All of this can be summed up by saying that it's a question of long-term versus near-term.
In the near term, for high-end users there is nothing better than a DSLR. In the long-term, there very likely will be. When the technology reaches that point, there will be a transition to a mirror-less system, just as there was a transition to digital.
The biggest obstacle to overcome is the viewfinder. Most photographers have no intention of ever giving up the eye-level viewfinder, so to succeed, a mirror-less camera must have a electronic viewfinder that improves upon the optical viewfinders we have today. That's a tall order. The optical viewfinder works at the speed of light, has no electronics and simply reflects light. As such, it's cheap to construct and cheaper still to maintain. (Yes, the original engineering was complex, but after 70 years or more, it's pretty well been perfected).
The tipping point will come when an electronic viewfinder is cheaper to produce and works better. How long that will take is anyone's guess, but I'd be surprised if we see it widely available within the next 3-5 years.
But, I think there is a larger point here that is being overlooked, and that is that for the mass consumer, the digital camera may be dead.

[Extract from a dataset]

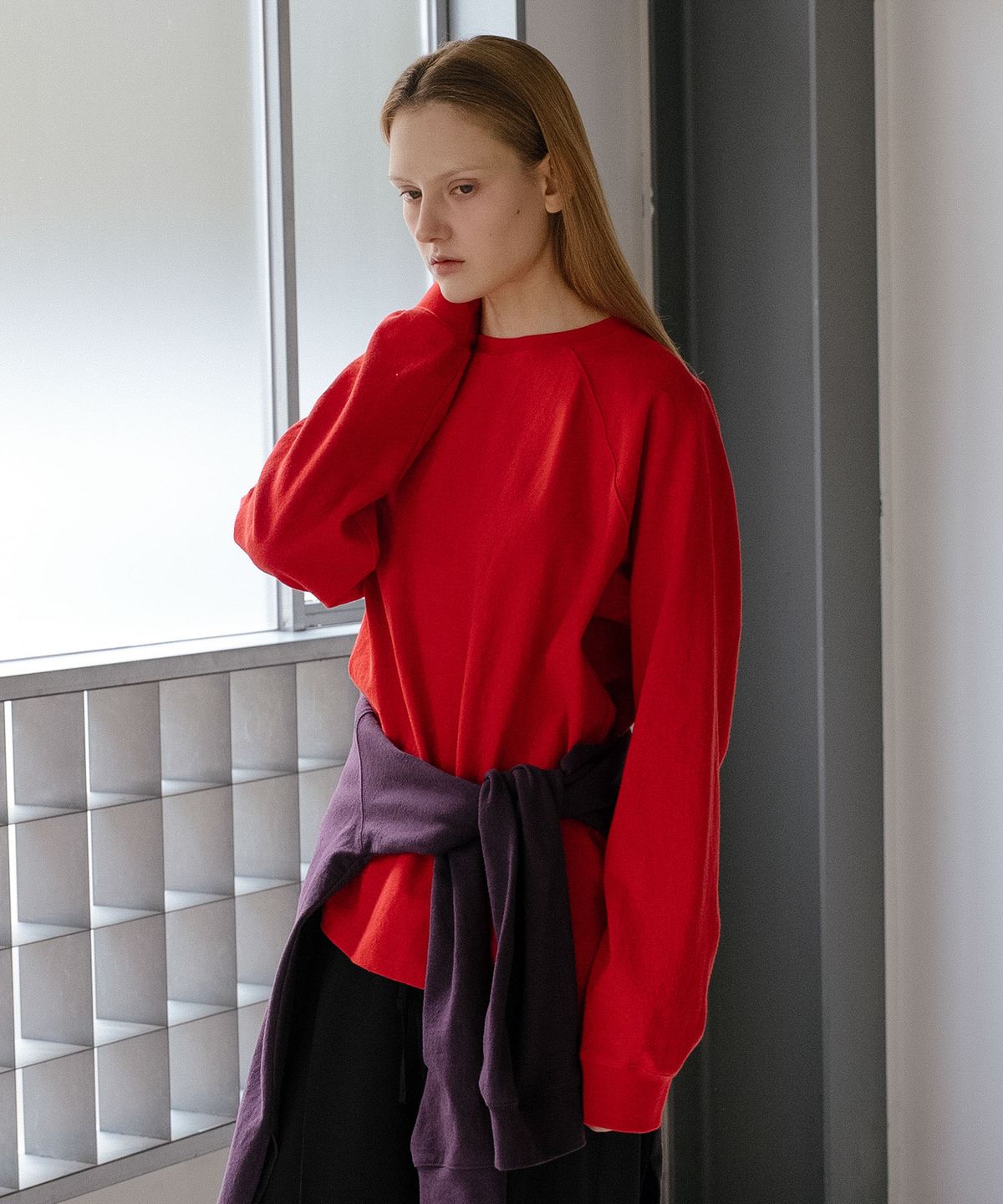 노운베러(KNOWNBETTER) Cut-line label raglan sleeve t-shirt [KNSS05TS19]_Red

I went to the Grand Canyon about three years ago and aside from the enthusiasts with their DSLRs the typical visitor was armed with a point and shoot. I went again this fall, and the majority of former point and shoot users were using smart phones or iPads. (Yes, several people were carrying around their iPads and taking pictures with them).
I frankly don't see and don't know anyone under age 30 who takes pictures with a camera. That's the market that is dead and I doubt if it will ever be revived.